Exercise aim: Repeat exactly the lines from the start of the material below up to and including the "Minarete e ruínas" line.

Material supplied:
....
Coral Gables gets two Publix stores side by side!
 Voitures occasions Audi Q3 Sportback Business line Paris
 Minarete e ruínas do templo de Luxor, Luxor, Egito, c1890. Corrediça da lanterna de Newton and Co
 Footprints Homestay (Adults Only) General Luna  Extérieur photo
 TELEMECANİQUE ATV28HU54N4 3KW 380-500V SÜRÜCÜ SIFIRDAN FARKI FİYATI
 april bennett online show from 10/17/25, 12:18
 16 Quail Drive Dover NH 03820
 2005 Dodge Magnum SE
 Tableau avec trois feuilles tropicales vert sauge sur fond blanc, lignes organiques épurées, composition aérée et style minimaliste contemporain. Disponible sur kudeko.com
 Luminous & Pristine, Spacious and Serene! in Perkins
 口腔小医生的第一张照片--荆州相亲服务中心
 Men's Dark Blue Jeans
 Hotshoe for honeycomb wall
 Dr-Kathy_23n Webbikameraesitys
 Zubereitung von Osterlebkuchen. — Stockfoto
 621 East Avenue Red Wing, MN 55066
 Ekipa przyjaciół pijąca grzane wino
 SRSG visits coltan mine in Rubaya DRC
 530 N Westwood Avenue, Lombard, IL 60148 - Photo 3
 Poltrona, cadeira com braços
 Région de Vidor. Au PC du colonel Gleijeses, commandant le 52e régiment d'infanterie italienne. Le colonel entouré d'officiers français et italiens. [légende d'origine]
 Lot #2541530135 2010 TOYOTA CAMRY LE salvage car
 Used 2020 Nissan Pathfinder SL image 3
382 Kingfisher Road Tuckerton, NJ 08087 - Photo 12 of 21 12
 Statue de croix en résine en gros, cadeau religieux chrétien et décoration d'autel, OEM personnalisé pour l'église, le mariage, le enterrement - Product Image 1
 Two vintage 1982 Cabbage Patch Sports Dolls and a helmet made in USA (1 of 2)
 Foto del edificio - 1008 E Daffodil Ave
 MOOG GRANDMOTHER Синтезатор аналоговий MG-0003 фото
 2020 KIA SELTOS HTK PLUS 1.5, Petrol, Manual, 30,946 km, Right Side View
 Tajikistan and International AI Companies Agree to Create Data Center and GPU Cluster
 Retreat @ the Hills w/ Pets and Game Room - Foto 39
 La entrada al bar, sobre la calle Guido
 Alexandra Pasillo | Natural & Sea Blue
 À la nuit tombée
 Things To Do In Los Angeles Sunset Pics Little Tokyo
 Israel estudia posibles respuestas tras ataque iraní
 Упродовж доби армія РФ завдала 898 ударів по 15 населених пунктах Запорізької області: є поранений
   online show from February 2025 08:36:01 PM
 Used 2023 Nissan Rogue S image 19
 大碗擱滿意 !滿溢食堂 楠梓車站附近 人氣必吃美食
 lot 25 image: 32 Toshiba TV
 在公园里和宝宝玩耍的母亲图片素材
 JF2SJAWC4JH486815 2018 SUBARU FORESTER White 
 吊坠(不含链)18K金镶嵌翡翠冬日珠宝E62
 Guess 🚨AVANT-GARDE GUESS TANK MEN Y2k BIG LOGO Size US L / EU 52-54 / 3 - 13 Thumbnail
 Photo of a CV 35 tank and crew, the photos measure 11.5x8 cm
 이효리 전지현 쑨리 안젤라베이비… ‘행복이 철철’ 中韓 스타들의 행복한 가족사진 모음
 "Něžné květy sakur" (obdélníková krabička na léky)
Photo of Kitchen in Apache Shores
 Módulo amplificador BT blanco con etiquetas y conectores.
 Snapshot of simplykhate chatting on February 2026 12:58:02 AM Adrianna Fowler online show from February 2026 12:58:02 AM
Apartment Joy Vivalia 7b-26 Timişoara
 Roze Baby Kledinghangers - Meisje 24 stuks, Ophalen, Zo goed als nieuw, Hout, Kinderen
....
Solution to this problem:
Coral Gables gets two Publix stores side by side!
 Voitures occasions Audi Q3 Sportback Business line Paris
 Minarete e ruínas do templo de Luxor, Luxor, Egito, c1890. Corrediça da lanterna de Newton and Co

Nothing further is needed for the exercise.